We have identified the monocyte as one of the main sources of inflammation in people with cART. We have analyzed the role of this cell type in the immunopathogenesis of HIV infection and its differences with chronological aging (De Pablo-Bernal et al J Gerontol A Biol Sci Med Sci. 2016, De Pablo-Bernal et al J Infect Dis. 2016, De Pablo-Bernal et al. Antimicrob Agents Chemother 2020) and we have verified how monocytes are associated with the appearance of cardiovascular events in patients under suppressive cART (Tarancón-Diez et al. Thromb Haemost. 2017, Tarancón-Diez et al. AIDS 2018). In addition, we have analyzed the prevalence and factors associated with NADEs in HIV controllers (Dominguez-Molina et al.
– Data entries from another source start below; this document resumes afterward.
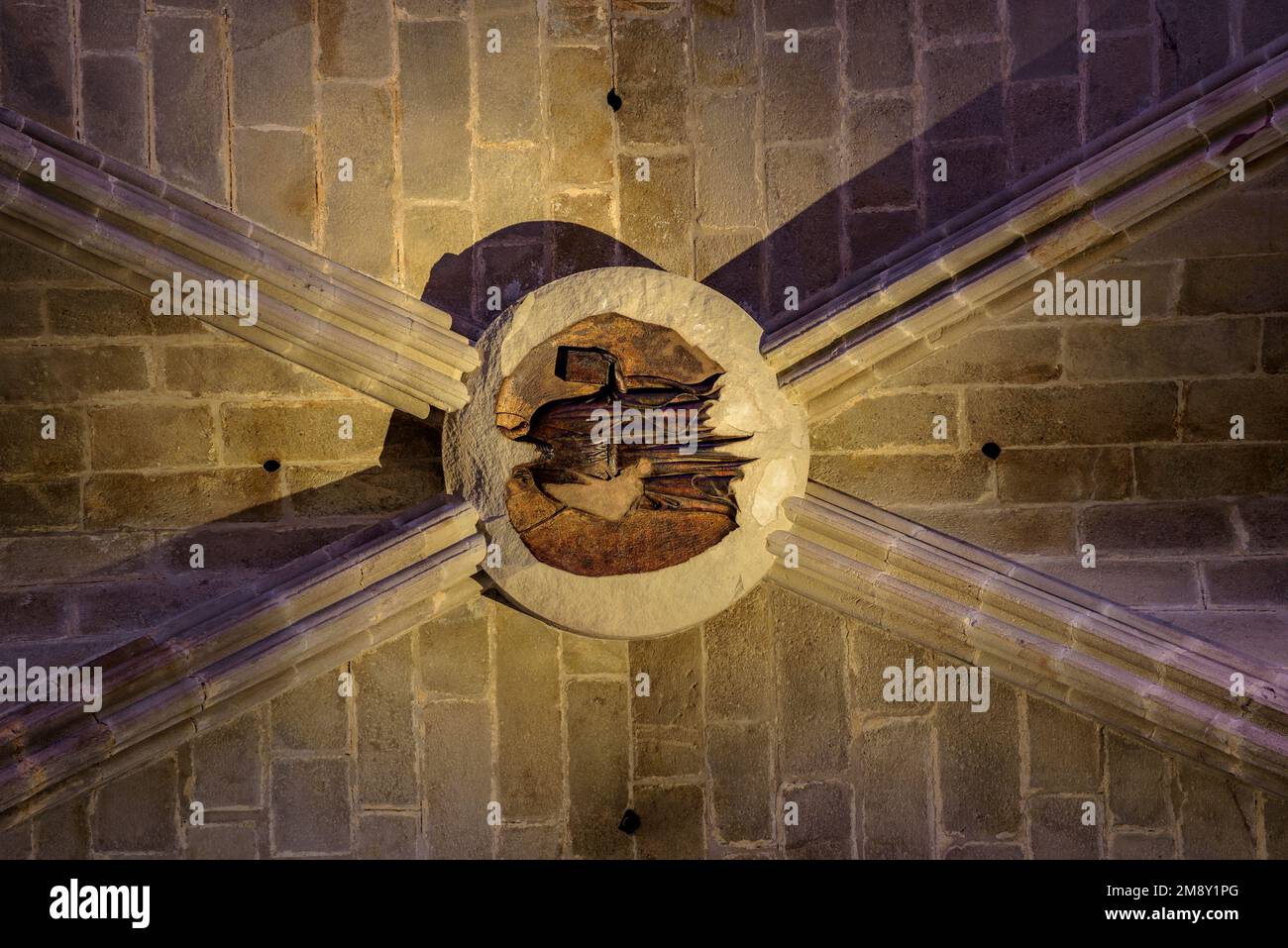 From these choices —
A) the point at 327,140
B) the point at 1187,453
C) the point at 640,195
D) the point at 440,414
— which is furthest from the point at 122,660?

Clin Infect Dis. 2016).

- Design of strategic clinical trials based on immunotherapies in order to achieve persistent virological remission in HIV-infected patients.

Currently there is no cure for HIV infection, except anecdotal cases of patients who have undergone bone marrow transplantation after hematological cancer, so that cART is necessary for life. In this research line, we intend to carry out studies and clinical trials with immunomodulatory molecules. Based on the elite controller model, we are identifying factors of innate and adaptive immunity associated with viral control. We will analyze interventions with immunological check points blockers, Toll-like receptor agonists and other immunomodulatory therapies in order to achieve a reduction in the HIV reservoir and persistent virological remission in the absence of cART.
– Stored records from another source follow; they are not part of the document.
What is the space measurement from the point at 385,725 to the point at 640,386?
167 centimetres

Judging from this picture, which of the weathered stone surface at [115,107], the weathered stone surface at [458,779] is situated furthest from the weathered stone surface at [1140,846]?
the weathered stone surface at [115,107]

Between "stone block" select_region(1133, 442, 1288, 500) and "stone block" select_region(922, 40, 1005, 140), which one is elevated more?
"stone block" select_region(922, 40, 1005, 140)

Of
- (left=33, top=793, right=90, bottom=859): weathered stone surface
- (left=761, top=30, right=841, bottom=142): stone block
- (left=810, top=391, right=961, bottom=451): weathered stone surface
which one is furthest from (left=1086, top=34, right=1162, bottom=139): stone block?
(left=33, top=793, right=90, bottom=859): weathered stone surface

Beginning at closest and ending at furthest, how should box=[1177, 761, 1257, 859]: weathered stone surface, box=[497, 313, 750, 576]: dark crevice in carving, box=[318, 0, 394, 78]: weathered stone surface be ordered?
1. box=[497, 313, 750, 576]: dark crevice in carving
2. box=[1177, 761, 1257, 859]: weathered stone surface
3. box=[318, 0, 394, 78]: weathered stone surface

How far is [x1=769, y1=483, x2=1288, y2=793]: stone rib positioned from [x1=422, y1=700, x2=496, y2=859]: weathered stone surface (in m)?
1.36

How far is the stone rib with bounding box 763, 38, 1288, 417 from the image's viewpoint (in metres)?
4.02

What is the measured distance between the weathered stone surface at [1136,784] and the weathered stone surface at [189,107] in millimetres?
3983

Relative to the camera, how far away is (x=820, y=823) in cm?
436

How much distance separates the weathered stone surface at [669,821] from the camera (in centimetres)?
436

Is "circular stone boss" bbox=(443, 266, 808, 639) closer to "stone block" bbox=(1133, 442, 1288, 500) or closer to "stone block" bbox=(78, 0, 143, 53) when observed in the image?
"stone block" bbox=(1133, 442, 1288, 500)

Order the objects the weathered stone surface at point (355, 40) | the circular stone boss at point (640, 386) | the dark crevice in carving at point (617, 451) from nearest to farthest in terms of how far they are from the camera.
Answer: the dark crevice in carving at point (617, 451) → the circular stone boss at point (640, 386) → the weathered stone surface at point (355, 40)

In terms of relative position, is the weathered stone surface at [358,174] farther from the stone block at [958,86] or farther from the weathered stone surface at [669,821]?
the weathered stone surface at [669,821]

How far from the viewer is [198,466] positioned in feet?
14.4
- Mechanisms of innate and adaptive immunity in SARS-CoV-2 infection and therapeutic options for COVID-19.

Related issues between the interaction of SARS-CoV-2 infection with the host's immune system are largely unknown. This knowledge is essential for the development of better vaccines, to interpret the pathogenesis of the disease, to calibrate measures to control the pandemic, and to avoid long-term side effects. In this sense, it is essential to know prognostic biomarkers of COVID-19, of the vaccine response and which parameters remain altered after infection. Currently, we analyze aspects related to the innate immune (type I interferon response mediated by plasmacytoid dendritic cells (pDC)) and adaptive response (specific SARS-CoV-2 T response) in order to stratify different degrees of progression and complications of the disease, differentiating between patients who will have mild or moderate symptoms from those who will progress to severe respiratory failure and analyze the immunological sequelae at the medium/long term. Based on these results, existing therapies could be applied more effectively, as well as implementing alternative therapies against the disease, as well as obtaining knowledge for the design and improvement of a more effective and complete vaccine, as well as developing immunomodulatory therapies that improve the immune sequelae present after this infection.